### Required work
When the line containing "Peugeot 3008 2015" is reached, begin transcribing. Continue exactly through the final line of the listing, and return nothing else.

### Records for the task
--------------------

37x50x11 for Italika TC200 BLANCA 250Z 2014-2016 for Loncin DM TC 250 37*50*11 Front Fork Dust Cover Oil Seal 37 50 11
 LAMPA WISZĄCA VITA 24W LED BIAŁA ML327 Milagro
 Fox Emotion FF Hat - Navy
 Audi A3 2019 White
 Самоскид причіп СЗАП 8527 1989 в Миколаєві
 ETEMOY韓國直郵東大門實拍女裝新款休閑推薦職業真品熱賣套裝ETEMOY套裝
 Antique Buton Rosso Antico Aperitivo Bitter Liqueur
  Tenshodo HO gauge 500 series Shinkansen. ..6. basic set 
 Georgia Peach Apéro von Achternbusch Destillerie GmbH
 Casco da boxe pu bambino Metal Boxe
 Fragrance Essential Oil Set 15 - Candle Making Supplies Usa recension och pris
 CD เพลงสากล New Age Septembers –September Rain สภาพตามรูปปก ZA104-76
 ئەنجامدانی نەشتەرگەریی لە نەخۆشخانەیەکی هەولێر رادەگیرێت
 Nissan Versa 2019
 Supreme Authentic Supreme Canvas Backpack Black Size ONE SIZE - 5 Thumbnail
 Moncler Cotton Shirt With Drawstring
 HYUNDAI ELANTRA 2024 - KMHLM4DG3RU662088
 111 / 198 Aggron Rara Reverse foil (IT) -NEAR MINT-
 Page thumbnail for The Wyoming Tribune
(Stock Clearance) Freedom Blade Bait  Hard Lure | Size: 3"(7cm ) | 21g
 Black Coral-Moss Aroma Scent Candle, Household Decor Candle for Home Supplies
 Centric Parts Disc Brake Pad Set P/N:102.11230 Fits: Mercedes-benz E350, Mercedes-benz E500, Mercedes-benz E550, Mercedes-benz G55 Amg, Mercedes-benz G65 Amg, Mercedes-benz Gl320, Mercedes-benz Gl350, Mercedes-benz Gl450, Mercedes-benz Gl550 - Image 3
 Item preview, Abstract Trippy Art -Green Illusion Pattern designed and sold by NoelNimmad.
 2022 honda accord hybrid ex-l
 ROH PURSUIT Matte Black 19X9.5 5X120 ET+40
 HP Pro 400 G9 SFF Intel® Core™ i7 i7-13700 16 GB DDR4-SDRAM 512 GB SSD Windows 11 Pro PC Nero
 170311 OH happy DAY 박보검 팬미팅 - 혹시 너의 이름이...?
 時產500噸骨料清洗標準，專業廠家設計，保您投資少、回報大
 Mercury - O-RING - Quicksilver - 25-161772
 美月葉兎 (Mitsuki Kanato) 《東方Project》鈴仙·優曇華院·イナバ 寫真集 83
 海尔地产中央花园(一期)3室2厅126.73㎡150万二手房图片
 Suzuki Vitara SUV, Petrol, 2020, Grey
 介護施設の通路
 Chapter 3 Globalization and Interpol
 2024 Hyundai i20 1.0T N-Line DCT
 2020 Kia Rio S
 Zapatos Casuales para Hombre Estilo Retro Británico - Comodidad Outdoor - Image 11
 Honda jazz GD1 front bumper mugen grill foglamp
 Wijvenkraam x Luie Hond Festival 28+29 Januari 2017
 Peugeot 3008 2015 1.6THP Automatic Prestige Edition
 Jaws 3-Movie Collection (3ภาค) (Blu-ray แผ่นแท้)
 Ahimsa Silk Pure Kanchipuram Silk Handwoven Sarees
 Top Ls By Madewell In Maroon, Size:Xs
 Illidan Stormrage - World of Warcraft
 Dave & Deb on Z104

--------------------

### Exercise output
 Peugeot 3008 2015 1.6THP Automatic Prestige Edition
 Jaws 3-Movie Collection (3ภาค) (Blu-ray แผ่นแท้)
 Ahimsa Silk Pure Kanchipuram Silk Handwoven Sarees
 Top Ls By Madewell In Maroon, Size:Xs
 Illidan Stormrage - World of Warcraft
 Dave & Deb on Z104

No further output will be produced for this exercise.